В то же время остальные два полка Первой Украинской дивизии - Новгород-Северский и Нежинский, - взявшие с демаркационной линии направление на Харьков, заняли Бахмач и Конотоп и шли к Харькову на соединение с ворошиловской группой войск в районе Полтавы.
Бригада Щорса двигалась действительно молниеносно, используя в пути санный способ для передвижения пехоты. Впереди его шла фланговым обходом кавалерия Кочубея, соединившаяся в Остре с кавалерией Гребенко, принявшего под свою команду добрую половину кочубеевской кавалерии, в то время как Денис Кочубей с остальной своей кавалерией был отправлен по предложению Щорса в тыл, который при таком скором марше войск, естественно, нуждался в специальной чистке. Кроме того, Денису Кочубею было поручено разыскать застрявший где-то в лесах Глуховщины, ушедший самовольно с нейтральной зоны Дубовицкий полк, вернуть его в подчинение дивизии и позаботиться о снабжении Первой дивизии, оторвавшейся в своем скором марше от тыловых баз фронта. Петлюра у Киева сосредоточил свои главные силы, судя по данным разведки, в количестве от пятнадцати до восемнадцати тысяч человек, из которых до пяти тысяч прекрасно вооруженных и вышколенных "сичевиков" из обученных и сформированных в Австрии и Германии. Петлюра намеревался дать генеральное сражение идущей на Киев большевистской дивизии в полсотне километров от Киева, у Семиполок, куда он и выдвинул свою "знаменитую", так сказать "гвардейскую", бригаду галицийских "стрильцив" в количестве трех полков, прикрывая ее артиллерией с тыла и флангов, в том числе и двумя броневиками, курсировавшими в направлении Бровары, Дымарки, Бобрик, Бобровицы.
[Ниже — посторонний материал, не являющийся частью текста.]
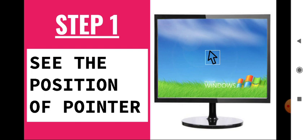Just see, this is Step 1 where we see the position of pointer. So what you see here? Here the pointer is at the center in your monitor, in your screen, computer screen. It can be anywhere, but in this step you have to look that the mouse pointer is at the center of monitor.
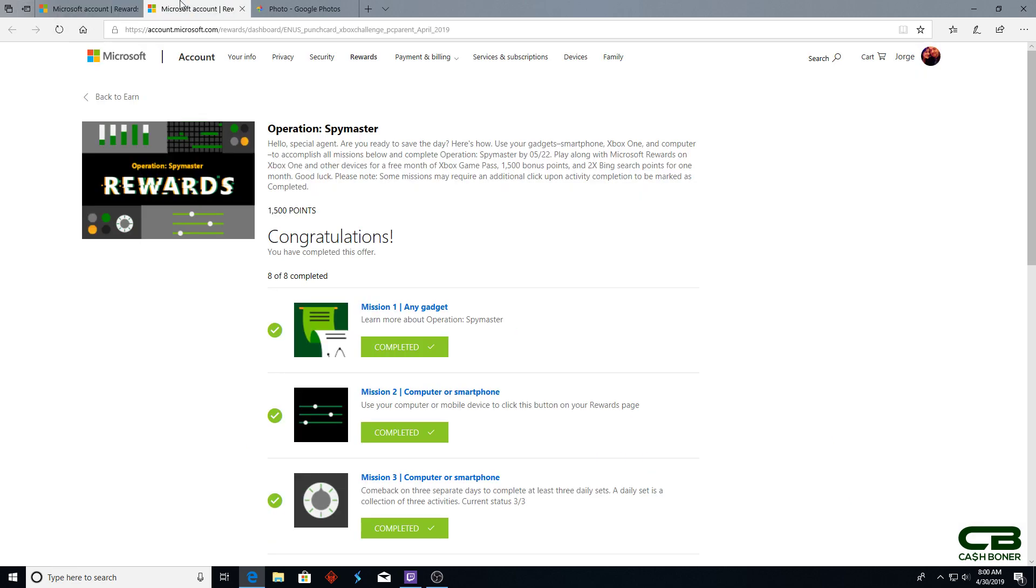As the previous video mentioned - it'll be linked in the comments for convenience - Operation Spymaster is on until May 22nd, so you still have time to complete it. It consists of eight easy missions that in theory could be done in as little as three days.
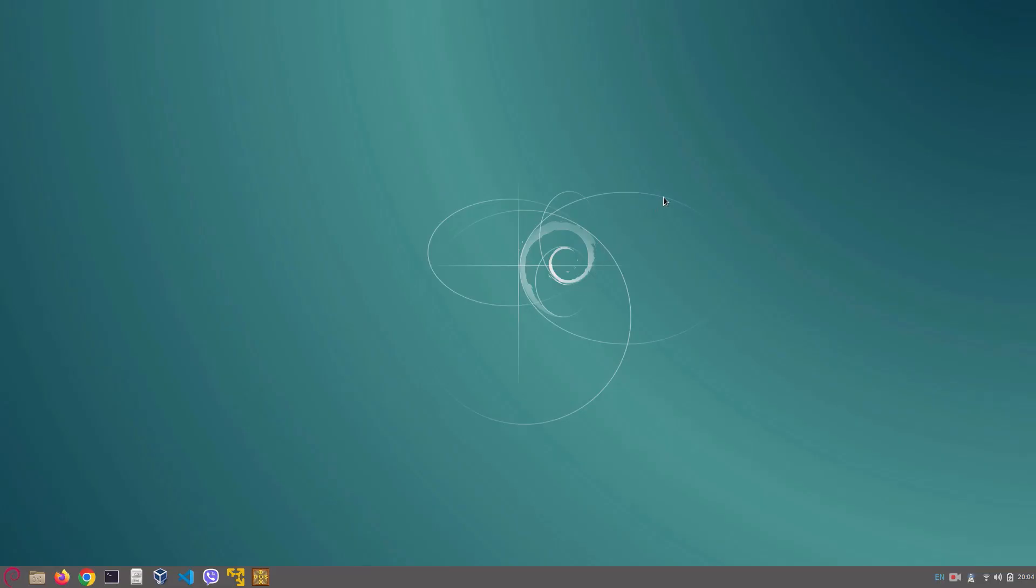Hey guys, today I'm going to be showing you how to make the Cinnamon desktop environment look like Chrome OS. A quick note before we start is that I'm using the Cinnamon desktop environment on top of Chrome OS.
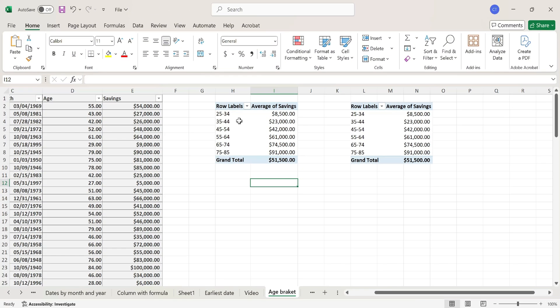And just like that, my pivot table has updated and now I have my data grouped by age brackets.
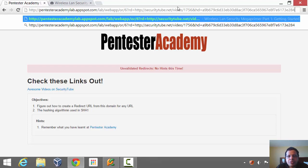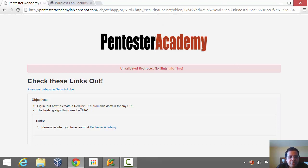Seemingly we have the URL in here and some form of a hash. I've given you the hint that the hashing algorithm is SHA-1. So using this you have to figure out how to manufacture your own redirect URLs. All the best, and if you're having fun at Pentester Academy then please do recommend us to your friends and colleagues in the Infosec community. Thank you.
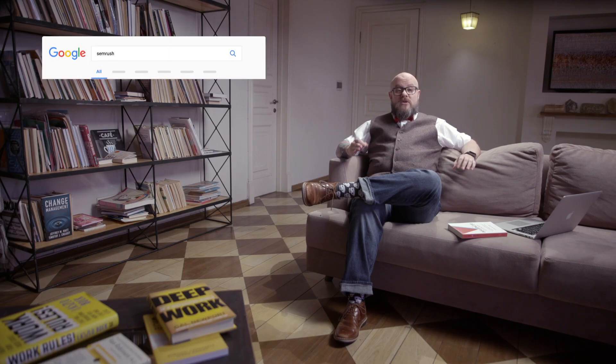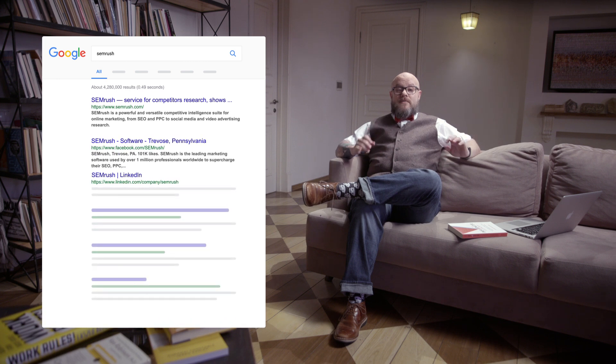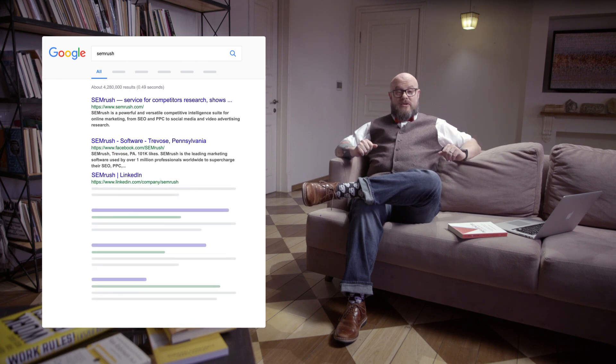Let's talk about how search engines actually work. Google's algorithm is extremely complex, but in its simplest form, Google is really just a pattern detection program. When you search for a keyword phrase, Google is going to provide you with a list of websites that matches the pattern related to your search.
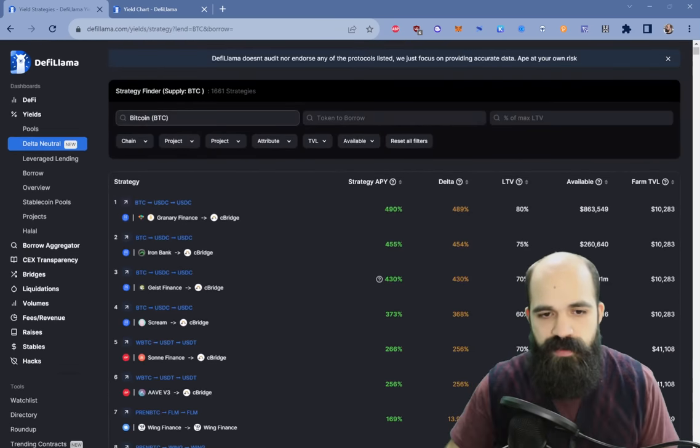One thing DeFi Llama recently did is they now only show accurate yields. Some protocols force you to take a 50% haircut on those yields — Radiant being one example. What they've done is if they show you Radiant yields, they show you the post-haircut yield — what you can realize today if you were to actualize those yields. I think that's really, really cool, and I'm happy to announce it for them.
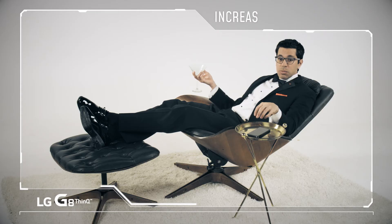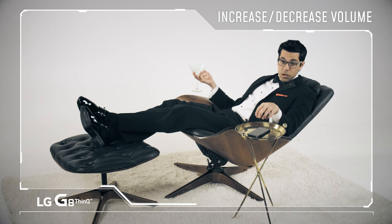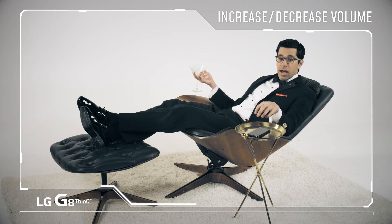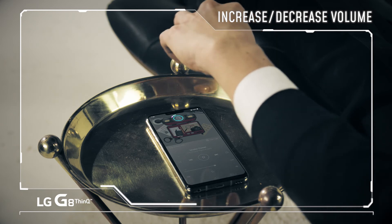Turn the music up or down just like a real volume dial. Clap your hand and wait to see the dial. Turn it left to lower and right to increase.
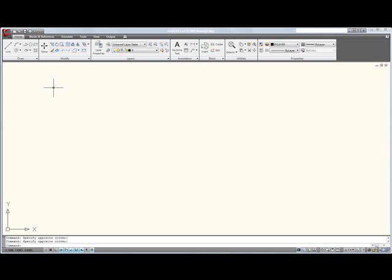So as I open up AutoCAD 2009 for the first time, I'm going to unveil an all-new Graphical User Interface, or GUI, as many people refer to it.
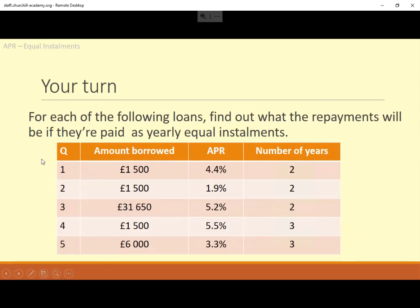Here are some questions for you. For each of the following loans, what is the repayment and what total would be paid if they are yearly equal installments? For example: borrow £1,500 over two years with an APR of 4.4% — very similar to the one we just did, just a different APR. There are also variations with different APRs, different amounts borrowed, a three-year version, and one more. Pause this now, do the questions, then come back and check your answers on the next slide.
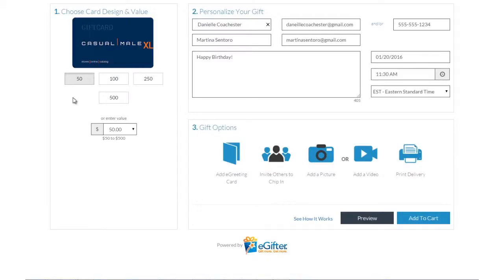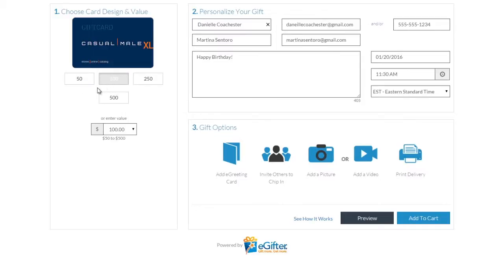An e-gift card is always a great gift. Choose the gift card brand you want to send, set the dollar amount, and enter the recipient's details.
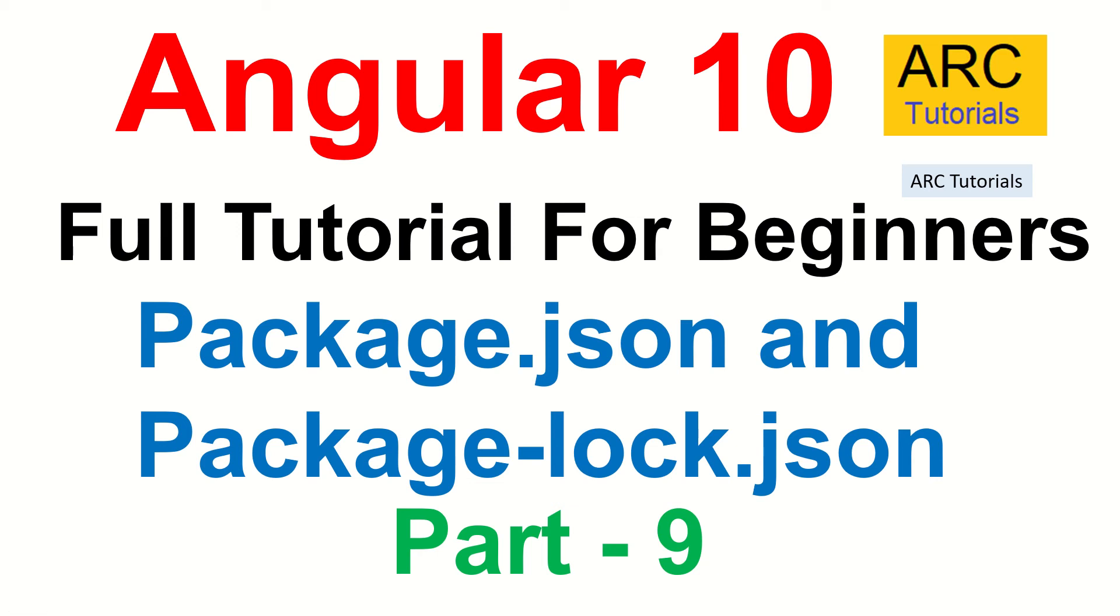Hi friends, welcome back to ARC tutorials. This is Angular 10 full tutorial series for absolute beginners.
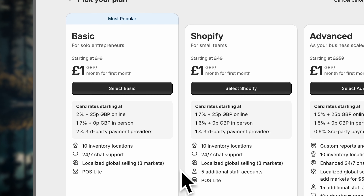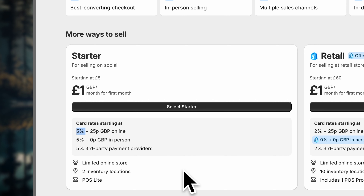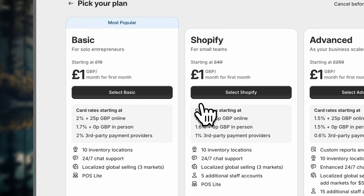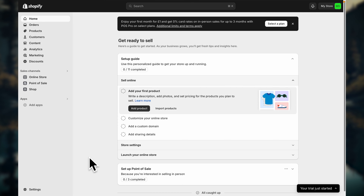Once you sign up, you can select your plan. As you can see, if you followed the link below, the first month is only 1 euro or 1 pound. I would recommend going for the basic plan. However, if you want to save some money, you can also go for the starter plan, which limits you a little bit and the credit card rates are higher. If you're on a lower budget, it's also a good plan to start, and you can always upgrade to a different plan later.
С этими броневиками вел бои на своих самодельных броневиках батько Боженко из Нежина и сковывал их фланговые действия по отношению к центральной щорсовской группе. Ночью 24 января 1919 года Щорс сделал еще один смелый бросок вперед к Киеву, посадив на сани чуть не весь свой полк, и под прикрытием ночной метели обошел от Козельца с левого фланга петлюровцев у Семиполок и прижал их к железной дороге у Рудна - Бобровицы, где "сичевики" попали под обстрел таращанской артиллерии с трех курсирующих по линии от Нежина боженовских бронепоездов - двух самодельных и одного настоящего петлюровского бронепоезда "Сичевик", взятого батьком Боженко в "броневом" поединке и уже переименованного в "Коммунист".